Ele defendeu o desacreditado “tratamento precoce” promovido pelo seu governo, que consiste num coquetel de drogas ineficazes contra a Covid-19, e para atacar o passaporte sanitário. “Desde o início da pandemia apoiamos a autonomia do médico na busca do tratamento precoce”, prosseguiu Bolsonaro. “Eu mesmo fui um desses que fez tratamento inicial”, completou.
“Não entendemos porque muitos países se colocaram contra o tratamento precoce. A história e a ciência saberão responsabilizar a todos”, disse Bolsonaro na sede da ONU, em Nova York, num discurso que pareceu voltado para sua base radical e que teve tom similar ao que o presidente usa em sua lives na internet.
“O Brasil possui o maior programa de parceria de investimentos com a iniciativa privada de sua história. Programa que já é uma realidade e está em franca execução”, conforme Bolsonaro. De uma maneira geral, Bolsonaro mentiu no seu discurso.
Segundo Bolsonaro, o Brasil tem tudo o necessário para um investidor: grande mercado consumidor, expelentes serviços, tradição de respeito por contratos e confiança no governo. Quanto à proteção ambiental, uma das prioridades do Brasil é reduzir o desmatamento ilegal, tratar os resíduos e desenvolver as fontes de energia renováveis, disse o presidente.

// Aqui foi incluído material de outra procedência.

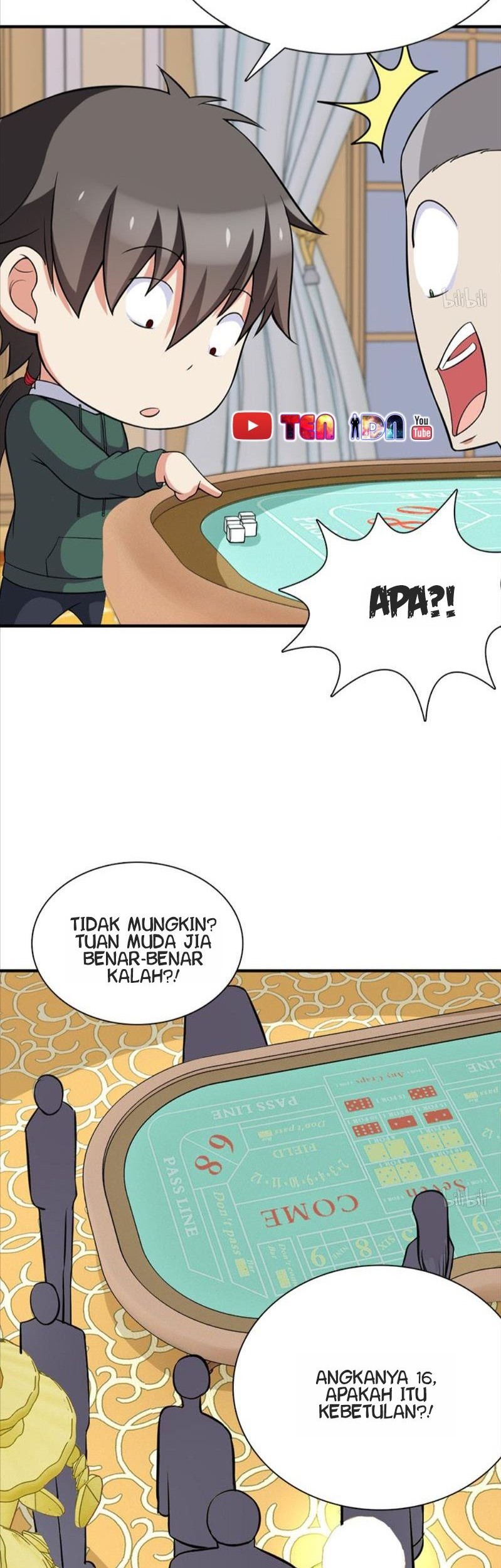 Martial Arts Master In The City Chapter 19 Gambar 20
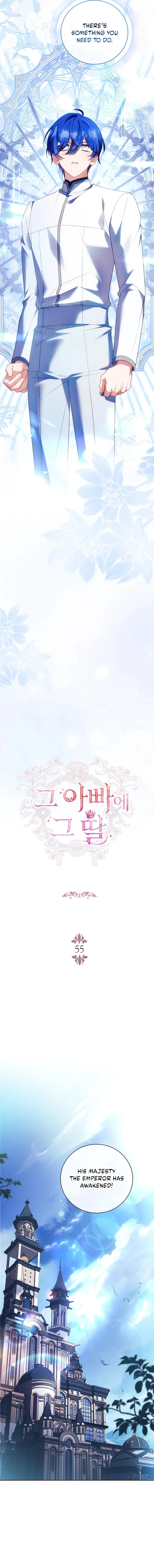 Read Like Father, Like Daughter Manga Online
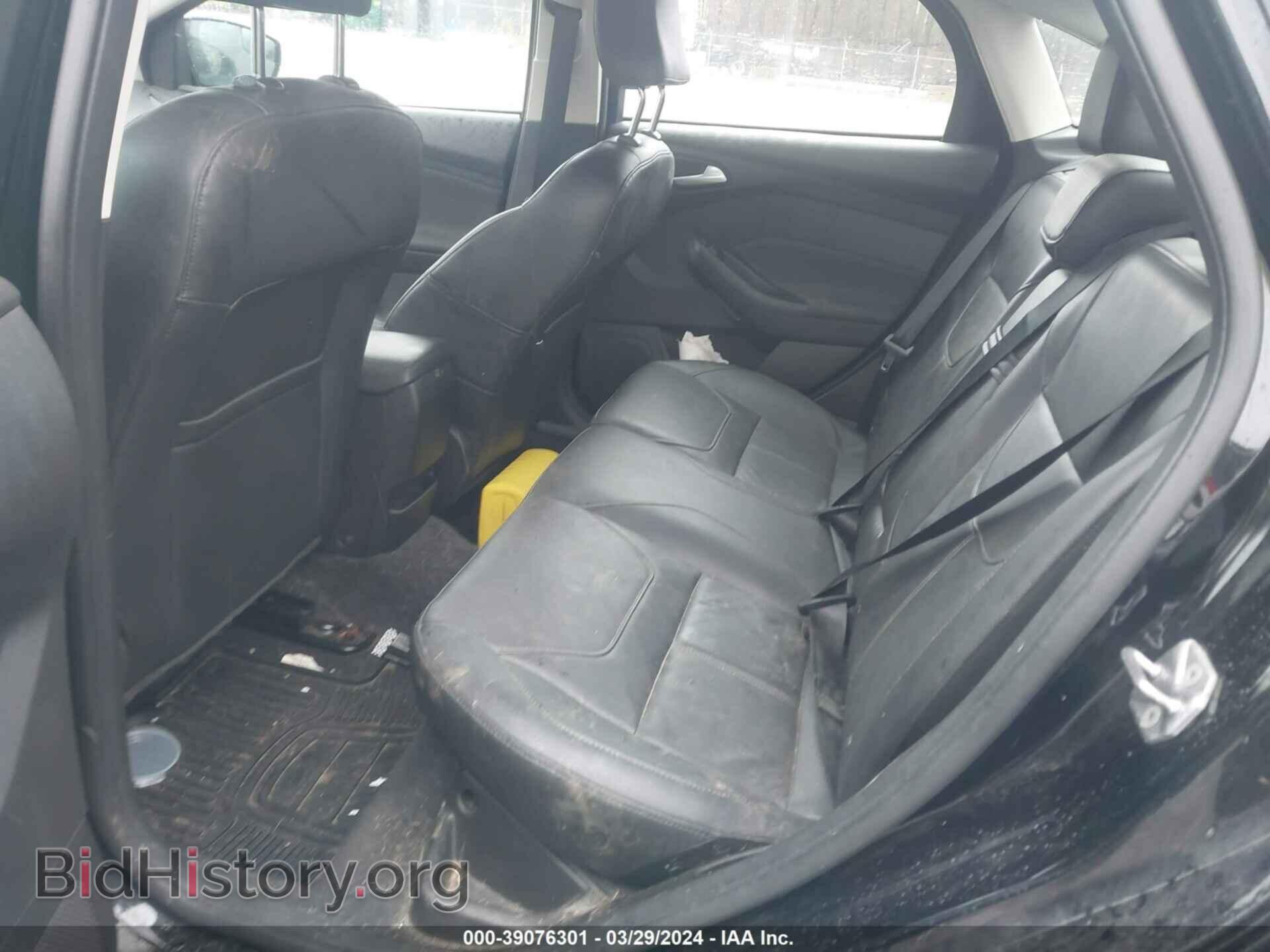 2016 FORD FOCUS - VIN: 1FADP3F24GL400939 - Фото 8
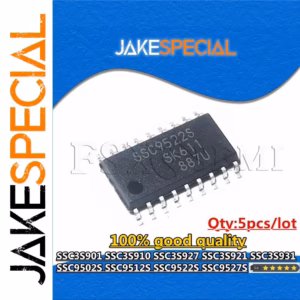 SSC9522S Voltage Regulator Chip Set of 5PCS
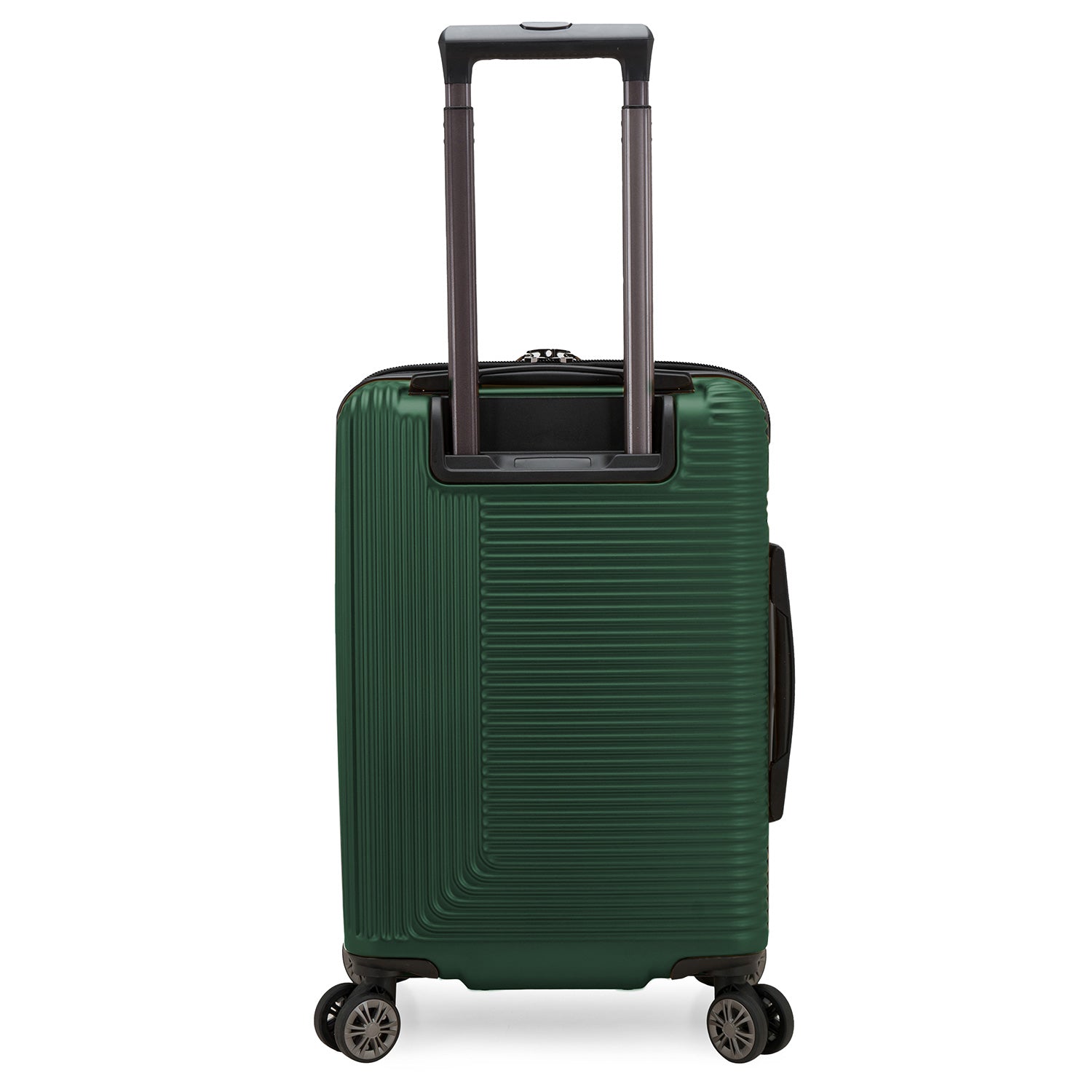 Ember 3-Piece Lightweight Luggage Set with Spinner Wheels - Perfect for International Travel & Business Trips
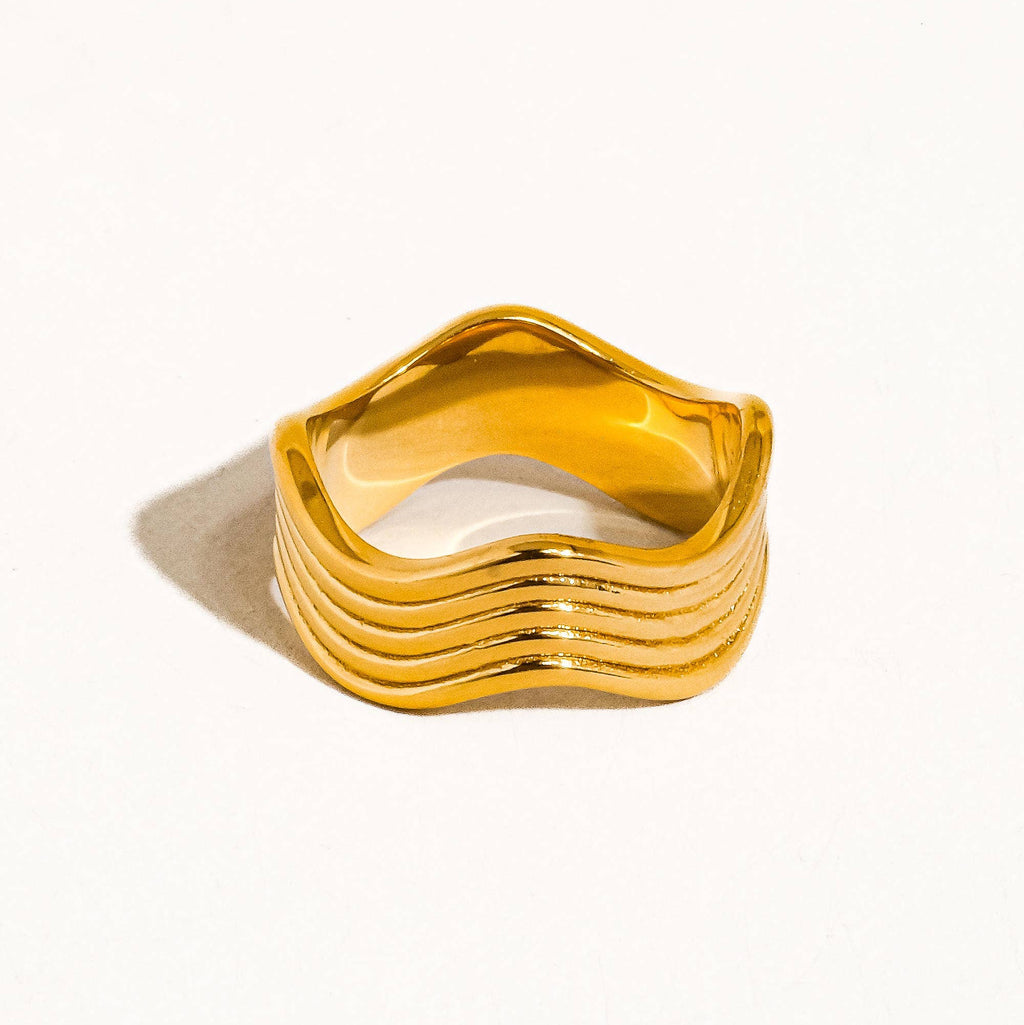 Wavy Ring: A63
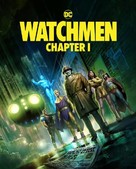 Watchmen: Chapter I - Movie Cover (xs thumbnail)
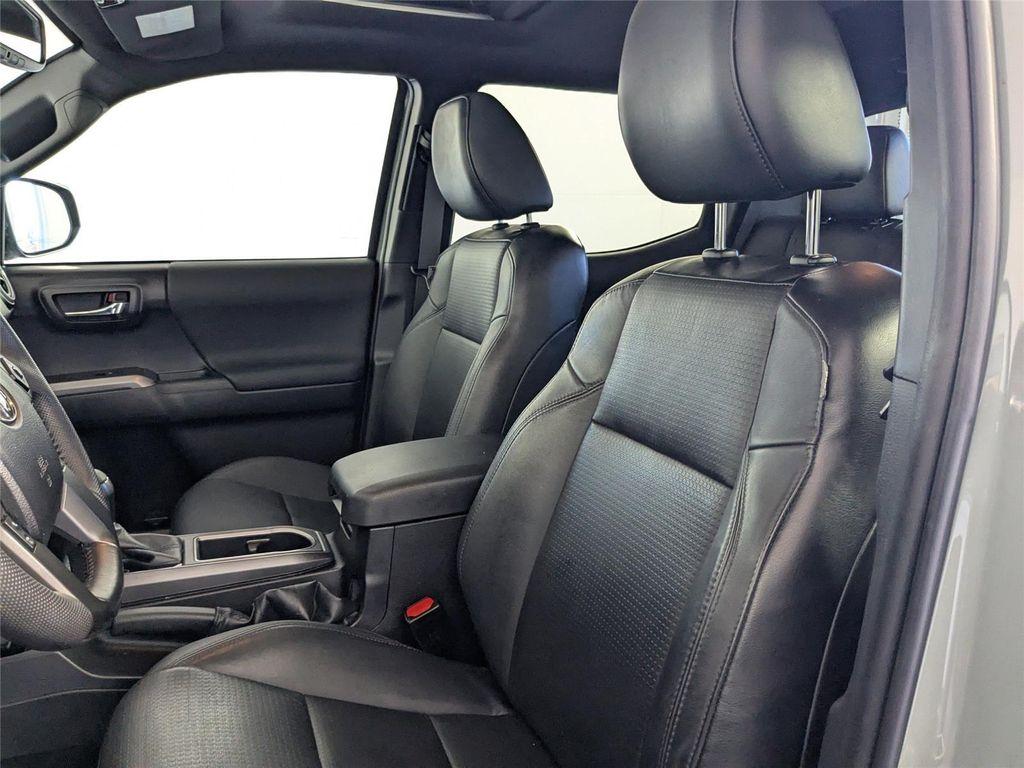 used 2023 Toyota Tacoma car, priced at $39,700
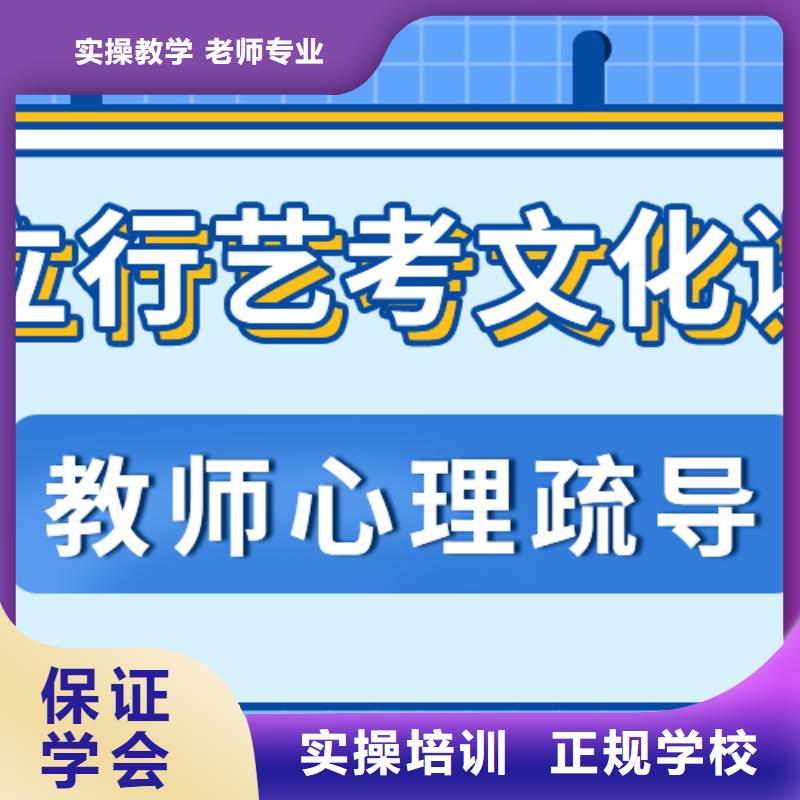 
艺考生文化课补习机构
好提分吗？
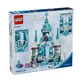 Льодовий палац Ельзи, 6+ років, 43244, Lego Disney Princess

“Antecipamos, de 2060 para 2050, o objetivo de alcançar a neutralidade climática. Os recursos humanos e financeiros, destinados ao fortalecimento dos órgãos ambientais, foram dobrados, com vistas a zerar o desmatamento ilegal”, revelou Bolsonaro.
O presidente informou sobre uma redução de 32% do desmatamento na Amazônia no mês de agosto, em comparação com agosto do ano anterior.
O presidente falou da chegada de refugiados, que vêm principalmente da Venezuela por causa da crise, tendo o país já recebido 400 mil venezuelanos. “O futuro do Afeganistão também nos causa profunda apreensão”, disse Bolsonaro, adicionando que o Brasil concede vistos humanitários para os refugiados afegãos.
Bolsonaro afirmou que o governo apoia a vacinação e destacou que 90% dos adultos já recebeu pelo menos uma dose da vacina. A população indígena também está vacinada. “Apoiamos a vacinação, contudo o nosso governo tem se posicionado contrário ao passaporte sanitário ou a qualquer obrigação relacionada a vacina”, segundo o presidente.
Bolsonaro concluiu seu discurso lembrando o Dia da Independência, quando os brasileiros “de forma pacífica e patriótica, foram às ruas na maior manifestação de nossa história”. “O Brasil vive novos tempos. Na economia, temos um dos melhores desempenhos entre os emergentes”, afirmou o presidente.
Funcionários de mais de 100 países participam do evento neste ano na forma presencial em Nova York. Conforme uma tradição que se mantém desde 1955, o representante do Brasil faz o primeiro discurso na Assembleia.
Além de Bolsonaro, no primeiro dia vão falar o presidente dos EUA, Joe Biden, o presidente da Colômbia, Iván Duque, o presidente de Portugal, Marcelo Rebelo de Sousa, o presidente do Chile, Sebastián Piñera, o presidente da Coreia do Sul, Moon Jae-in, o presidente da Turquia, Recep Tayyip Erdogan e o presidente da China, Xi Jinping, entre outros.